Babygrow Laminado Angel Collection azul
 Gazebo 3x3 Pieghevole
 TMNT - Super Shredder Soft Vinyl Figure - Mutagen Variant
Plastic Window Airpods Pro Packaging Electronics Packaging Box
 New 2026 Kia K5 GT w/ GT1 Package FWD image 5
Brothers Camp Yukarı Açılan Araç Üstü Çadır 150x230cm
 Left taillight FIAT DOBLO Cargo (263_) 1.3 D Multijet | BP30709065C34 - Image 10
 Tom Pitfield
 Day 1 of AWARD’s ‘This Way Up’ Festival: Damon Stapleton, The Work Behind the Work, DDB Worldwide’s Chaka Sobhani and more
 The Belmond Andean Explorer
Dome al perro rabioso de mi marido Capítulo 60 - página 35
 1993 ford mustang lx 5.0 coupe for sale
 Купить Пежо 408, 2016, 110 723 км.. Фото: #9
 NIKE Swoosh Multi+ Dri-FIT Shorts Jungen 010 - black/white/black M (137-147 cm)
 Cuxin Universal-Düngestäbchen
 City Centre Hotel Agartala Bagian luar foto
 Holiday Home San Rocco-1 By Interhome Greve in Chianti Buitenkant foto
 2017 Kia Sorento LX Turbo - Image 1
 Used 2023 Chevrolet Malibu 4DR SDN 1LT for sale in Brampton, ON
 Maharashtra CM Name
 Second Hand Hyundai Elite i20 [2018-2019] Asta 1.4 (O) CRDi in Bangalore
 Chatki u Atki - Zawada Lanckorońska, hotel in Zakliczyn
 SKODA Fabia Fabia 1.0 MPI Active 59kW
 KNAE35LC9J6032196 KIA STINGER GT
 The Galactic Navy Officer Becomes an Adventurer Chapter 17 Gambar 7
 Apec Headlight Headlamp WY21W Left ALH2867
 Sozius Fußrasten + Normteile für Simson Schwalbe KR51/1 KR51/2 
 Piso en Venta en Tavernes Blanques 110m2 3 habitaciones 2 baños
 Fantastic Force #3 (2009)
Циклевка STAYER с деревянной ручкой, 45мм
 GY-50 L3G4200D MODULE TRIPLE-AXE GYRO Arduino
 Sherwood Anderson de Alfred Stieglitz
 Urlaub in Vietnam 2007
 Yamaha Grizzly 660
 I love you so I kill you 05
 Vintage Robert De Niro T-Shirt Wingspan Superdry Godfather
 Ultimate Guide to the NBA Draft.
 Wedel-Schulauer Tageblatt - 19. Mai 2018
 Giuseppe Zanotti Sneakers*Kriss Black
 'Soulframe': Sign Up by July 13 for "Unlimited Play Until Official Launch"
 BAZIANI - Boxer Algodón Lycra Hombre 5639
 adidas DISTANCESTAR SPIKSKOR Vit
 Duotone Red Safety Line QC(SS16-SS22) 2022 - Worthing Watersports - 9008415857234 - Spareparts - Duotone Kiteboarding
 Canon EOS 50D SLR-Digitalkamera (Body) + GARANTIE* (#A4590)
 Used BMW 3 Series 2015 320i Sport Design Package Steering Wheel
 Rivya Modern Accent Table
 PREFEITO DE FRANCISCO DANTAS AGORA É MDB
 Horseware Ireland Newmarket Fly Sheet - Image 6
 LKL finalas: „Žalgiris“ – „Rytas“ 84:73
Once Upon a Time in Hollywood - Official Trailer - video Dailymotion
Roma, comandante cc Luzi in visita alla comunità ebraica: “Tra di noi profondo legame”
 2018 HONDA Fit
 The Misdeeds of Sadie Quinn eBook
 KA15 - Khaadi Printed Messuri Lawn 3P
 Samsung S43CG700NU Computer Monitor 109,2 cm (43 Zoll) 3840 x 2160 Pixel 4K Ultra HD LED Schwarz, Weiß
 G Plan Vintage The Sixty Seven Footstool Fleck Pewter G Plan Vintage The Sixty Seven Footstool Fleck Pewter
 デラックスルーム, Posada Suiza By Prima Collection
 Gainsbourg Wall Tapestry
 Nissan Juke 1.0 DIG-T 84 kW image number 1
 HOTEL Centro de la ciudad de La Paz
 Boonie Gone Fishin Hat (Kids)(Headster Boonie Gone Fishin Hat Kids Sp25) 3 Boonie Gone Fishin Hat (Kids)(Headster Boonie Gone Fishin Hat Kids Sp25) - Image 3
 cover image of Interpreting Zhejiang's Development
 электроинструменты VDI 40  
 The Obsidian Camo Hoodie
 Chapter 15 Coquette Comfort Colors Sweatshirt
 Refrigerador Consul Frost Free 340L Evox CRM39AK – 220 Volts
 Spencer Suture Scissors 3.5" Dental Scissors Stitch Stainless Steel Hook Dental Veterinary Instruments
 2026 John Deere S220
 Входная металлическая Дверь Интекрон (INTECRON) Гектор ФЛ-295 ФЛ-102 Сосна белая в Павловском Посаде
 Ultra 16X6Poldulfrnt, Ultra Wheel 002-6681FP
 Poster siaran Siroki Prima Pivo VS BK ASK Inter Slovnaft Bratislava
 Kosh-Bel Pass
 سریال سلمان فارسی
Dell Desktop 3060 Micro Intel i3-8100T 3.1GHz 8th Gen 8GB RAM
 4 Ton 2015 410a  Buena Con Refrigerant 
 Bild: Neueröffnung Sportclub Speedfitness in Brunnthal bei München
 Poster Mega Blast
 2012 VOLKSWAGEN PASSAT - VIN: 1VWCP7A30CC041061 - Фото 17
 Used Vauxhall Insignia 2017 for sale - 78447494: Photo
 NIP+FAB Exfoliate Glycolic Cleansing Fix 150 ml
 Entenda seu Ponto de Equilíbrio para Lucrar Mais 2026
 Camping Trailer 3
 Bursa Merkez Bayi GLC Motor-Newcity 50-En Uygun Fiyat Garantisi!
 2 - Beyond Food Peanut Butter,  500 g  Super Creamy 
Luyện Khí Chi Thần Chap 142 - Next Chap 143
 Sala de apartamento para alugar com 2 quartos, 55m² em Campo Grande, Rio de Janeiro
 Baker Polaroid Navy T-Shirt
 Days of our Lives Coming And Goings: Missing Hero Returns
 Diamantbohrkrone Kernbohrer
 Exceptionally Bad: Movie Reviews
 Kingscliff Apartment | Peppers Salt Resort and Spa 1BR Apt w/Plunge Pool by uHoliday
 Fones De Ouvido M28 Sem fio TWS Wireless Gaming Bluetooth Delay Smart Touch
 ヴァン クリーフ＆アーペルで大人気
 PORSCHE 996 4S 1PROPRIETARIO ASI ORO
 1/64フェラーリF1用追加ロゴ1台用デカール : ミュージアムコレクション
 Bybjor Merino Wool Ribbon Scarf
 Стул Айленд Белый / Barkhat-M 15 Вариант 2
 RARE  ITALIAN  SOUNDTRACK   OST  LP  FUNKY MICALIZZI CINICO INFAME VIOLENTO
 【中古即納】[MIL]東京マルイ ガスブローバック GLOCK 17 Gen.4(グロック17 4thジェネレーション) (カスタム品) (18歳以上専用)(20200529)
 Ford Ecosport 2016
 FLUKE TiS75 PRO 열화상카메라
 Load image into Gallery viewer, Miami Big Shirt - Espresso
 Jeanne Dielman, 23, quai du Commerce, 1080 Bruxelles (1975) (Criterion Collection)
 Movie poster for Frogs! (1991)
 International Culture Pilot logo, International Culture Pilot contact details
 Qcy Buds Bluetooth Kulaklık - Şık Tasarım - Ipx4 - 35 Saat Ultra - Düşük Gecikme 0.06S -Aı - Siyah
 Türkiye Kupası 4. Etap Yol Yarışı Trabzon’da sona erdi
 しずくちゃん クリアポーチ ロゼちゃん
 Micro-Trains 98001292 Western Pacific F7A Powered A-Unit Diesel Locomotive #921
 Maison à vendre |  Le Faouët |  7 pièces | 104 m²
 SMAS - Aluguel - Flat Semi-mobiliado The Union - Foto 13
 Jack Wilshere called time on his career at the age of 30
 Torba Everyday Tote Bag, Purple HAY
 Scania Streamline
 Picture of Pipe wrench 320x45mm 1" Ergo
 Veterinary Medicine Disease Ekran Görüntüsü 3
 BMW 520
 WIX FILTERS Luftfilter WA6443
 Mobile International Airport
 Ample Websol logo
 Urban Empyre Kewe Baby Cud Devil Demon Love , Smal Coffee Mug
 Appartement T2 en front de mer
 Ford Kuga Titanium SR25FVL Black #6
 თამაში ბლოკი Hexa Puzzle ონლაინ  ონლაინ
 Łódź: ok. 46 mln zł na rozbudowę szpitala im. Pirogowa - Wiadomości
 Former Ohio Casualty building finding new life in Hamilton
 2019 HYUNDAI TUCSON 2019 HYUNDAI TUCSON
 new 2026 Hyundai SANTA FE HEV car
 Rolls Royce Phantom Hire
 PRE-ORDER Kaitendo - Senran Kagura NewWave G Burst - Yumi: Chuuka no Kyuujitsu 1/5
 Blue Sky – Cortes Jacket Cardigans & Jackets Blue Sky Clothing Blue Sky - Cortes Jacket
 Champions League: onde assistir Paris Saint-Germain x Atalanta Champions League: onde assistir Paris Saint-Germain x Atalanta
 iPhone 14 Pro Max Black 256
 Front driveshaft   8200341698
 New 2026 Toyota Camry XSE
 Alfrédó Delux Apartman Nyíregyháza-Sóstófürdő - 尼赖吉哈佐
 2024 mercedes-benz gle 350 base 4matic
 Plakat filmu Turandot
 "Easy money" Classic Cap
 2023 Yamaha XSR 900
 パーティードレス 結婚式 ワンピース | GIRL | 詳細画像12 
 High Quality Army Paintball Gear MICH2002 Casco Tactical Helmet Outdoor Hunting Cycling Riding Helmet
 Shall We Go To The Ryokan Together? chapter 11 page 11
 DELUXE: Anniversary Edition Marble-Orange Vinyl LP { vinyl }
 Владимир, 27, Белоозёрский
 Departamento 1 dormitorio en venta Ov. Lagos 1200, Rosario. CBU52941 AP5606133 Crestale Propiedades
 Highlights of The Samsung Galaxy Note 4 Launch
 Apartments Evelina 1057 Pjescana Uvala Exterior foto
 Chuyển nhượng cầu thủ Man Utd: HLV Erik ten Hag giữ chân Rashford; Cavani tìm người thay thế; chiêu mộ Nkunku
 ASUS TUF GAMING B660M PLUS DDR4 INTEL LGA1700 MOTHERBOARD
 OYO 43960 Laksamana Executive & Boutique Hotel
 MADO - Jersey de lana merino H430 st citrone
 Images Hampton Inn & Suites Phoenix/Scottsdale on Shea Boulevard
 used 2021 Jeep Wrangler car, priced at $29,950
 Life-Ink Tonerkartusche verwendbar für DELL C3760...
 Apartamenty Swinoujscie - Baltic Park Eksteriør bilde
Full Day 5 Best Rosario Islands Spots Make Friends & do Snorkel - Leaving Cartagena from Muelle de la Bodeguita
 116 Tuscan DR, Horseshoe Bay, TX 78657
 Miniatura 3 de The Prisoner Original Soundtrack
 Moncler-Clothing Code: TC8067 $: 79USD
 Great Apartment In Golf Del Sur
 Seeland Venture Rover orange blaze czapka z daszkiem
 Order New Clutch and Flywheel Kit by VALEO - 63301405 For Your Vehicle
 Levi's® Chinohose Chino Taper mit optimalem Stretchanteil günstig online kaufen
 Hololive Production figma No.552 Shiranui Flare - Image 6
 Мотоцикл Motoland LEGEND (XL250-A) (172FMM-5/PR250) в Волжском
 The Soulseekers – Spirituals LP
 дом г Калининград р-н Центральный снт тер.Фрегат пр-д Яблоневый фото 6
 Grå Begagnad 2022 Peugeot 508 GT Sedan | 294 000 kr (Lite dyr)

== Your goal ==
Only the lines above from the line with "High Quality Army" to the line with "Apartments Evelina 1057", those two lines included, should be reproduced exactly.

== Written solution ==
 High Quality Army Paintball Gear MICH2002 Casco Tactical Helmet Outdoor Hunting Cycling Riding Helmet
 Shall We Go To The Ryokan Together? chapter 11 page 11
 DELUXE: Anniversary Edition Marble-Orange Vinyl LP { vinyl }
 Владимир, 27, Белоозёрский
 Departamento 1 dormitorio en venta Ov. Lagos 1200, Rosario. CBU52941 AP5606133 Crestale Propiedades
 Highlights of The Samsung Galaxy Note 4 Launch
 Apartments Evelina 1057 Pjescana Uvala Exterior foto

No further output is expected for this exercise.